• [YOUR ASSIGNMENT]:
Only the pictures stay out; every record is to be quoted exactly.
- - - - - - -
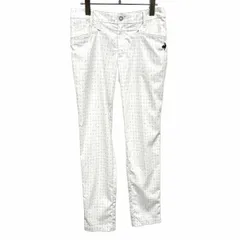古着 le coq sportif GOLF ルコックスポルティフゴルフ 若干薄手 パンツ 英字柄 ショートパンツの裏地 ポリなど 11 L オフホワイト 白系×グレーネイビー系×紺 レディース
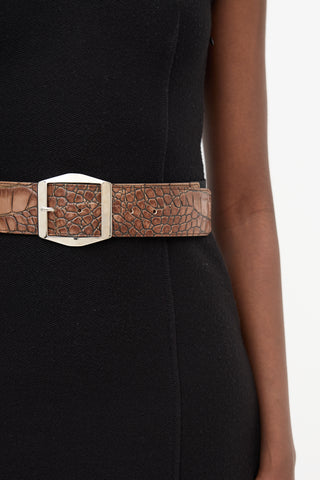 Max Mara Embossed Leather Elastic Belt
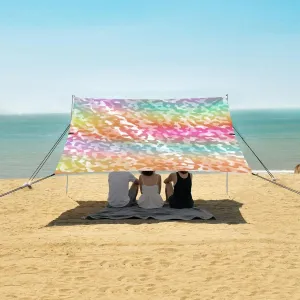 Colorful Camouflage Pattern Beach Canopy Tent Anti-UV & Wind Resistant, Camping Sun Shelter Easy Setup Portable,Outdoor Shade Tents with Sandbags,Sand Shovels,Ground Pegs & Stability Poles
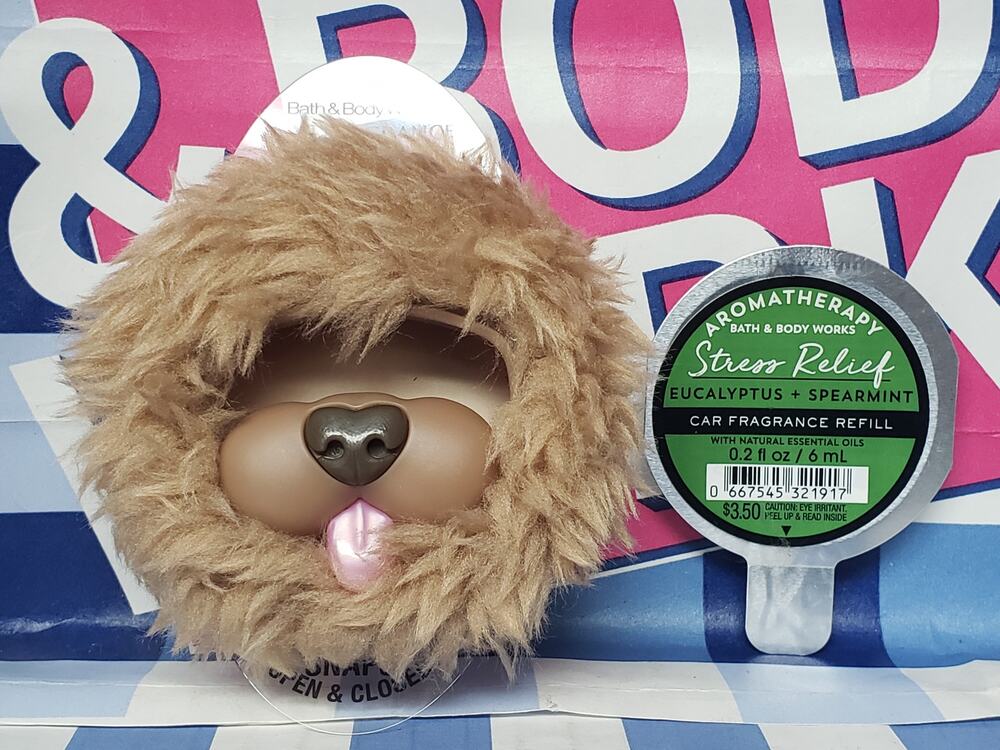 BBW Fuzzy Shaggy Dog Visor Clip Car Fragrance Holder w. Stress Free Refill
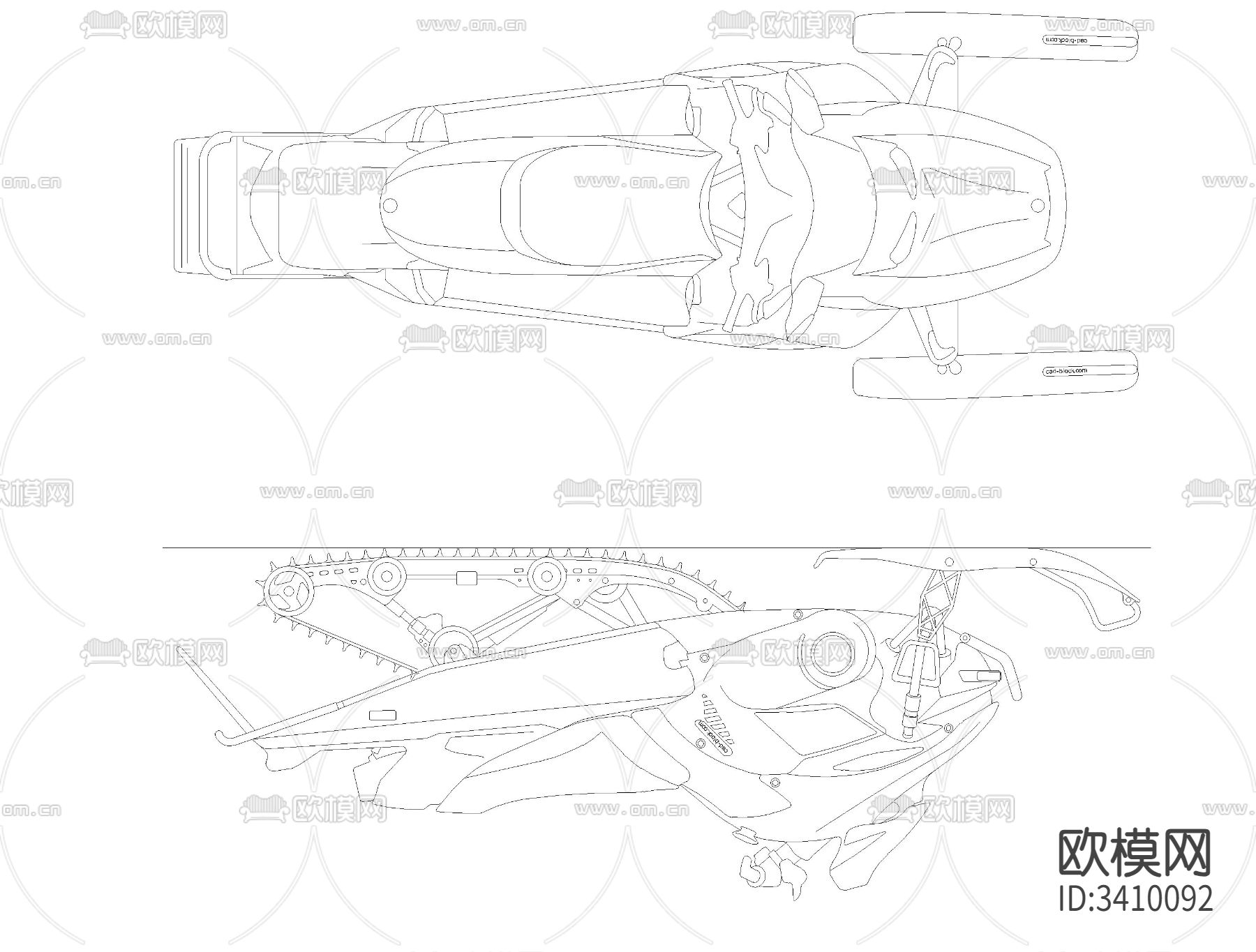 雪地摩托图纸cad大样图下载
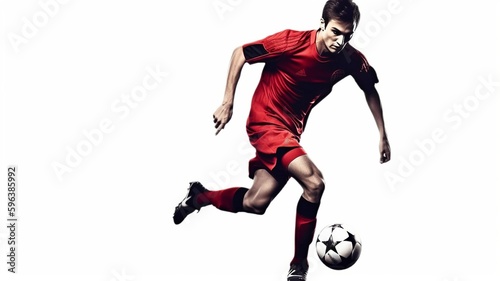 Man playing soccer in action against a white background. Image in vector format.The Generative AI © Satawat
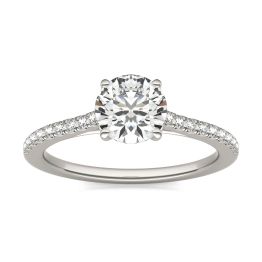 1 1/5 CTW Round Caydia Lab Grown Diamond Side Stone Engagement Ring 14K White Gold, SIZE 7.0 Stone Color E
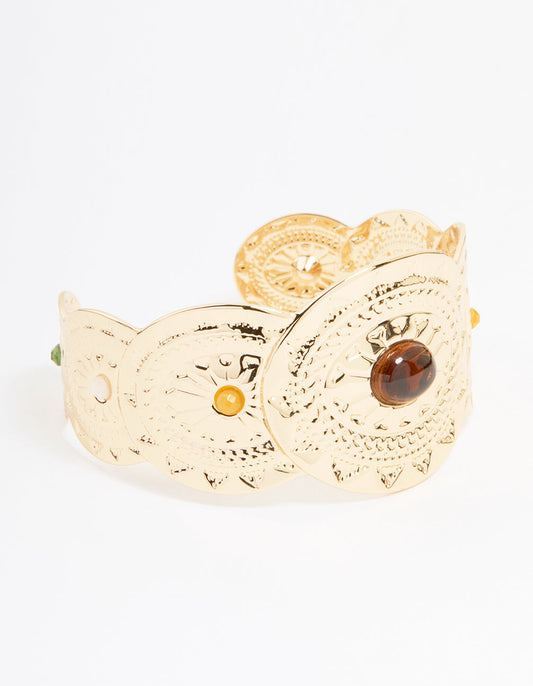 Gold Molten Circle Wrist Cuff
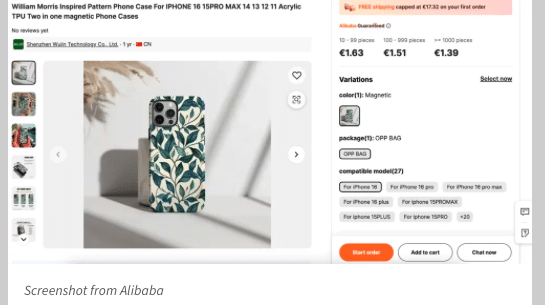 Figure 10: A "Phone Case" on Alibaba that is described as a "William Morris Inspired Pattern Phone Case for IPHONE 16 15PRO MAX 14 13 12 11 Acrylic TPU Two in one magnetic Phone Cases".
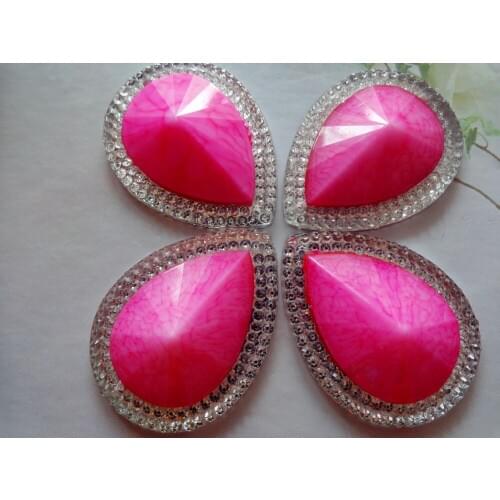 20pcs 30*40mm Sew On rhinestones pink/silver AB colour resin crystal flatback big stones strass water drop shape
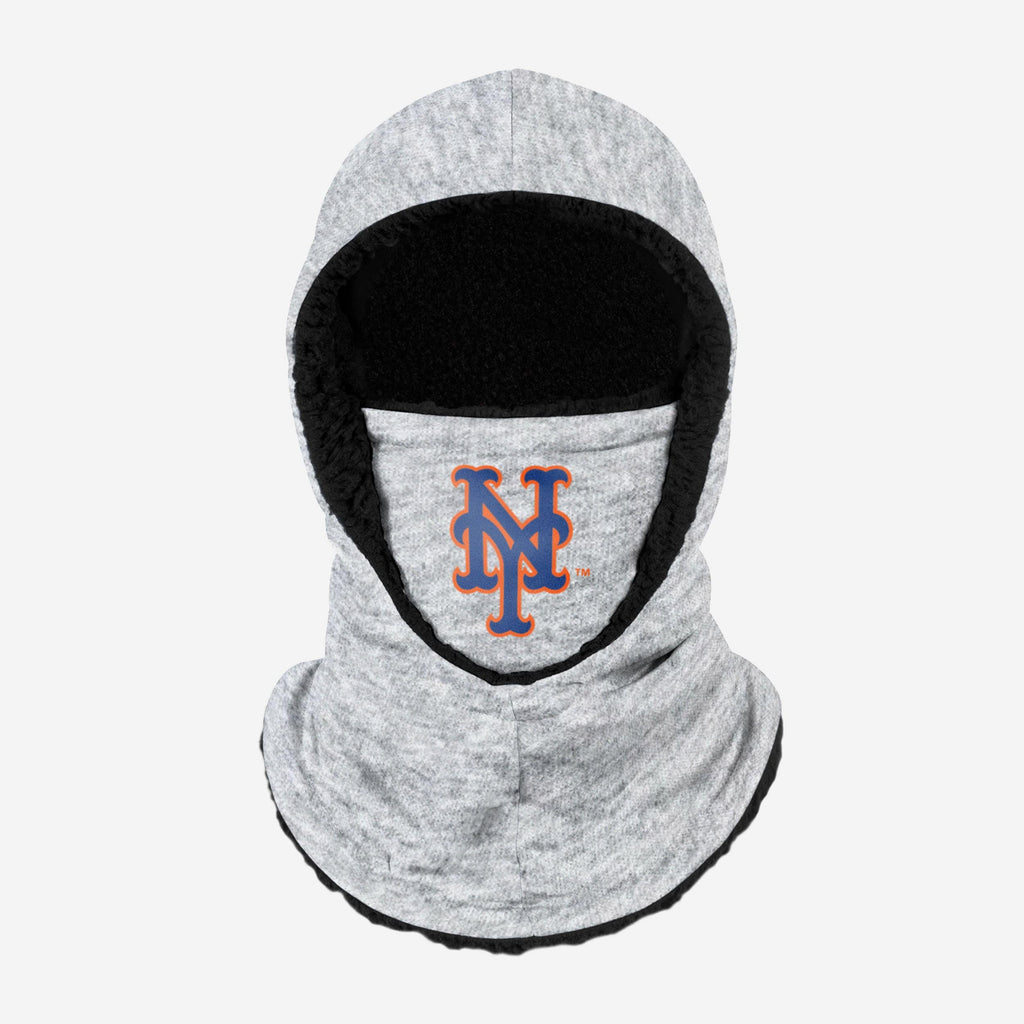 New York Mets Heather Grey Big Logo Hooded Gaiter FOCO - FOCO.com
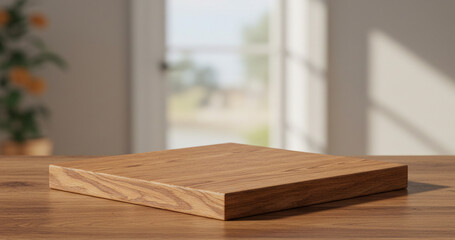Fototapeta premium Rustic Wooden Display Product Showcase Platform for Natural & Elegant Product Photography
- - - - - - -
• [THE COMPLETED TASK]:
古着 le coq sportif GOLF ルコックスポルティフゴルフ 若干薄手 パンツ 英字柄 ショートパンツの裏地 ポリなど 11 L オフホワイト 白系×グレーネイビー系×紺 レディース
 Max Mara Embossed Leather Elastic Belt
 Colorful Camouflage Pattern Beach Canopy Tent Anti-UV & Wind Resistant, Camping Sun Shelter Easy Setup Portable,Outdoor Shade Tents with Sandbags,Sand Shovels,Ground Pegs & Stability Poles
 BBW Fuzzy Shaggy Dog Visor Clip Car Fragrance Holder w. Stress Free Refill
 雪地摩托图纸cad大样图下载
 Man playing soccer in action against a white background. Image in vector format.The Generative AI © Satawat
 1 1/5 CTW Round Caydia Lab Grown Diamond Side Stone Engagement Ring 14K White Gold, SIZE 7.0 Stone Color E
 Gold Molten Circle Wrist Cuff
 Figure 10: A "Phone Case" on Alibaba that is described as a "William Morris Inspired Pattern Phone Case for IPHONE 16 15PRO MAX 14 13 12 11 Acrylic TPU Two in one magnetic Phone Cases".
 20pcs 30*40mm Sew On rhinestones pink/silver AB colour resin crystal flatback big stones strass water drop shape
 New York Mets Heather Grey Big Logo Hooded Gaiter FOCO - FOCO.com
Fototapeta premium Rustic Wooden Display Product Showcase Platform for Natural & Elegant Product Photography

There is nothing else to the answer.